A Shell gas station sits on the corner of West Belmont and North Milwaukee Avenues in Chicago. Most days, day laborers gather there, looking for work. But last week, a small lot east of the gas station became the site of a street corner raid.
Three workers were detained Friday after ICE (Immigration and Customs Enforcement) agents pulled into the hiring site and demanded identification and papers from those present. While some workers were lucky enough to walk away, those who remained were fingerprinted and processed. Their fate was decided in an instant, without any warning.
“I wanted to leave, but they grabbed me by the arm and immediately asked for my identification,” said Aristides Banegas, who witnessed the raid.
He told reporters that ICE agents exited a blue Ford Explorer and warned the men not to move.
“I showed them my state ID and they told me to move along. I saw them take at least one of my friends who didn’t have papers, and they chained his arms and legs and put him into a car,” Banegas said in Spanish.
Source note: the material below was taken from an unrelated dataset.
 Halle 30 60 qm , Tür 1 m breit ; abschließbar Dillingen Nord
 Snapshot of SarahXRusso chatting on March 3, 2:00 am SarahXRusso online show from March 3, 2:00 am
He spoke Tuesday at a press conference organized by the Latino Union of Chicago and Organized Communities Against Deportations (OCAD). They were joined by various other supporting organizations, including the Chicago Teachers Union (CTU), the Illinois Coalition for Immigrant and Refugee Rights (ICIRR) and Mujeres Latinas en Acción.
The groups accuse ICE of overstepping its bounds.
ICE claims that operations like the one that took place Friday help to improve public safety.
“ICE routinely conducts targeted enforcement operations to arrest those who fall within our enforcement priorities, including convicted criminals and gang members,” said ICE spokeswoman Gail Montenegro.
According to a 2014 memorandum from the Department of Homeland Security (DHS), enforcement and removal policies are meant to prioritize national security, public safety and border security.
“While conducting a law enforcement operation targeting specific gang members in Chicago, an ICE officer and an ICE special agent made three arrests on Friday, and later released one individual after it was determined that he did not fall within ICE enforcement priorities,” Montenegro said.
But activists believe other forces may be at play.
“We have been seeing that around the city of Chicago ICE is actually targeting places where Latino communities usually gather,” said Analía Rodríguez, executive director of the Latino Union of Chicago. “What we’re really doing is denouncing the steps that ICE is taking regarding the racial profiling of our community and targeting places where specifically Latino men are gathering and looking for work.”
Rodríguez said her organization will file an official request with the DHS Office for Civil Rights and Civil Liberties, asking for an investigation into possible civil rights violations, “specifically the violation of these workers’ Fourth Amendment rights,” which bar unlawful searches and seizures.
“We’re also filing a Freedom of Information Act (FOIA) request to the Chicago Police Department to discover if local police knew about the raids that took place, in addition to filing a prosecutorial discretion request with ICE to demand the release of the detained workers and that their cases be closed, as well as an update on the status of the detained workers,” Rodríguez told reporters.
Speaking at the press conference, Banegas said he was happy for the support he saw there. Attendees burst into chants of “Ni Una Más” (“Not One More,” in Spanish) and applauded and cheered cars honking their horns in support as they passed. Still, he said, he’d like to see more.
“In the 23 years that I have been here looking for work, I’ve seen my friends lose their lives and their limbs,” Banegas said. “I would like all of our public officials to speak on our behalf.”